É fácil ignorar a dor do outro. Basta fechar os olhos, virar a cara, mudar de rua. Quando ela aparece bruscamente, pegamos a maldita e enfiamos numa gaveta. Sufocamos a dor do outro. Queremos que ela cesse. Porque incomoda. Ao outro, mas, principalmente, a nós. Tolos, porém, ignoramos que ela pode ser ouvida a quilômetros. Mesmo sem intervenção, socializamos a dor. De tanto penar, ficamos doentes e, sobretudo, ignorantes.
Ignora-se que antes da dor, o outro sente medo. Mas quando não é nosso, o medo é sempre balela. Tomaram do outro o seu direito de temer os tempos futuros. O cheiro do medo entranha nas casas e corações do país. Mas, a muitos, convém calar. Afinal, esse medo é do outro. O que eu tenho a ver com isso? O medo e a dor estão gestando um monstro, condenado a viver sem pai, nem mãe e aos cuidados da indiferença. Um filho que ninguém quer.
Assim como ninguém quer o sangue nas ruas. Mas o medo já virou sangue. incontrolável, respinga no cidadão de bem. É o medo que nos guia, que nos governa, que despreza a dor do outro. Houve um tempo em que de tanto temer, perdemos a fala. Nos acostumamos ao silêncio. Nesses tempos o medo cresce, porque se alimenta da quietude. Agora queremos falar, mas de tanto medo, sufocamos o outro.
Estão matando o outro. E nisso nos matam também, porque é possível morrer de várias formas. Morre-se de dor, de abandono e até de medo. Morre-se rapidamente, mas também aos poucos. É possível morrer para alguns e ainda estar vivo de fato. Para outros, resta viver, ainda que miseravelmente. Não por escolha, mas por ser o que lhes resta. Mataram o outro, desceram a porrada. De alguma forma, também morreram.
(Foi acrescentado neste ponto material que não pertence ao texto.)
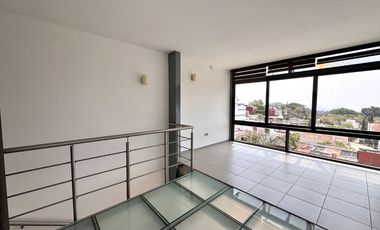 LOFT EN RENTA EN COND. CON ALBERCA EN TLALTENANGO, CUERNAVACA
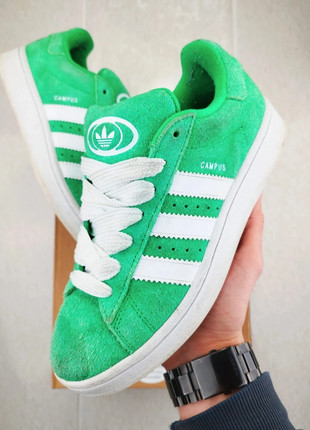 Baskets Sneackers Adidas Originals Campus 00s << Green White >> Taille 39.5, marque: adidas, état: Très bon état, taille: 39.5, 65,00 €, 68,95 € Protection acheteurs (Pro) incluse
Morrem todos aqueles que já não sentem nada além de medo. Mas mesmo que ele seja do tamanho do mundo, ainda resta um espaço no peito para acalentar a dor do outro. O medo é um trago forte, só sente quem ainda está vivo. A dor do outro não tem tamanho. Não é maior ou menor que a minha. Não importa. Alguém sente dor, alguém tem medo. A dor do outro também é minha, porque somos gente. Que nunca esqueçamos!